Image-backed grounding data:
"""
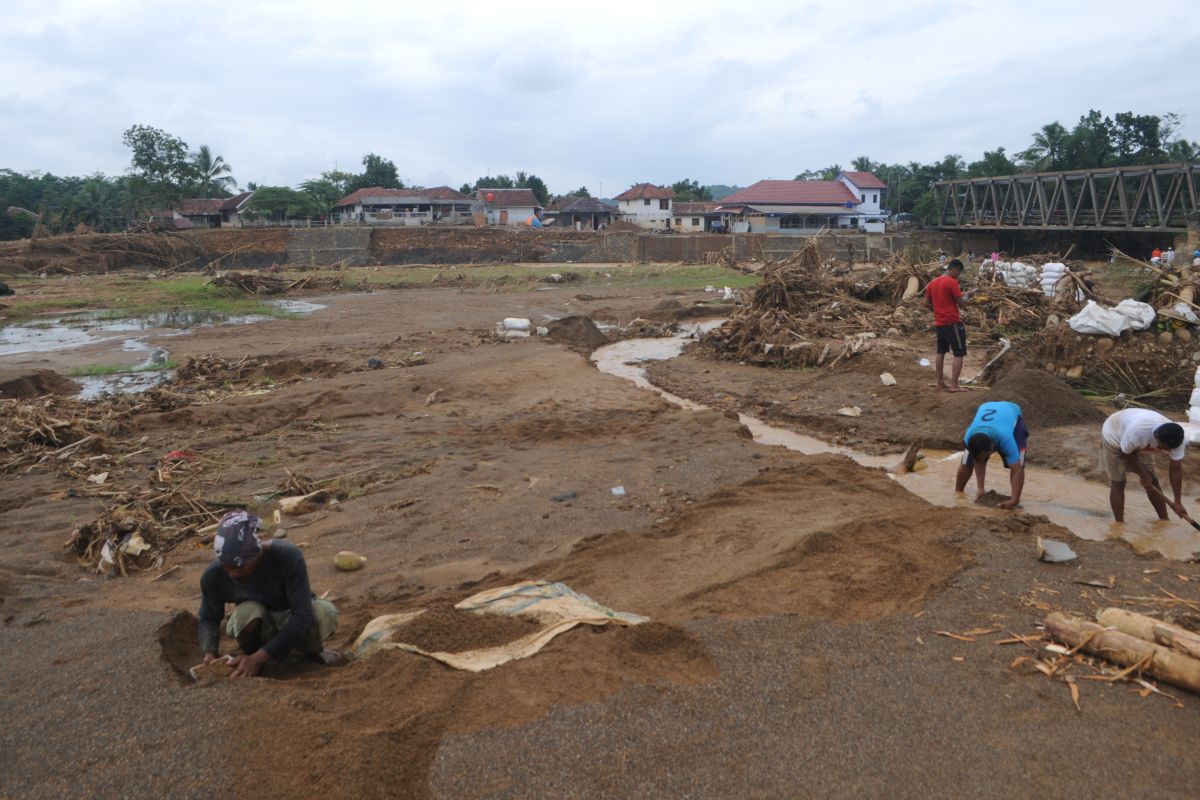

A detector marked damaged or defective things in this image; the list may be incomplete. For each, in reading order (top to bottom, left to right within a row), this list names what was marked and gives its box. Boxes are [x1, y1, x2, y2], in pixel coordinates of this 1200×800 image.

flood-damaged land [2, 228, 1200, 796]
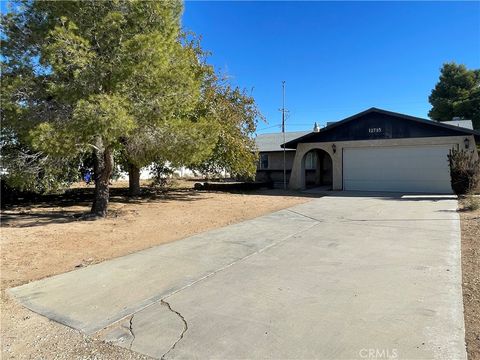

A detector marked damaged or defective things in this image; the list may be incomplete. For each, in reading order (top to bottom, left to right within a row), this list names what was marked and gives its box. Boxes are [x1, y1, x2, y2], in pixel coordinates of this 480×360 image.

cracked concrete [7, 194, 466, 360]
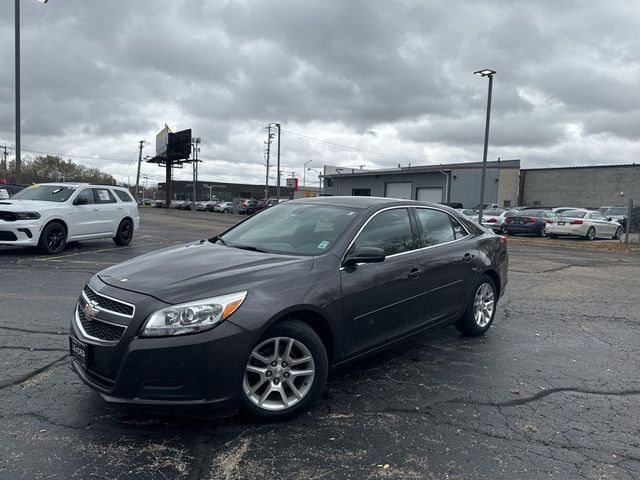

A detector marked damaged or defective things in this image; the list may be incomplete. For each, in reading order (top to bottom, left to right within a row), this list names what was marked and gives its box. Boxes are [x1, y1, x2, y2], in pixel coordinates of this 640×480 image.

cracked pavement [1, 211, 640, 480]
"""
An exact copy of every entry above is needed, with the pictures left out.

A detector marked damaged or defective things in this image; the list may be incomplete. For each, in reading order (top to bottom, left to right within a row), this list names what was marked and gives its box. Boxes are [x1, y1, x2, y2], in pixel coordinates of this 1200×800 image.

flood-damaged land [2, 228, 1200, 796]

A detector marked damaged or defective things in this image; the list may be incomplete. For each, in reading order (top to bottom, left to right within a row), this list names what was marked and gives its box. Boxes are [x1, y1, x2, y2], in pixel coordinates of this 480×360 image.

cracked concrete [7, 194, 466, 360]

A detector marked damaged or defective things in this image; the list may be incomplete. For each, in reading order (top to bottom, left to right within a row), this list names what was marked and gives its box. Boxes are [x1, y1, x2, y2], in pixel coordinates of this 640×480 image.

cracked pavement [1, 211, 640, 480]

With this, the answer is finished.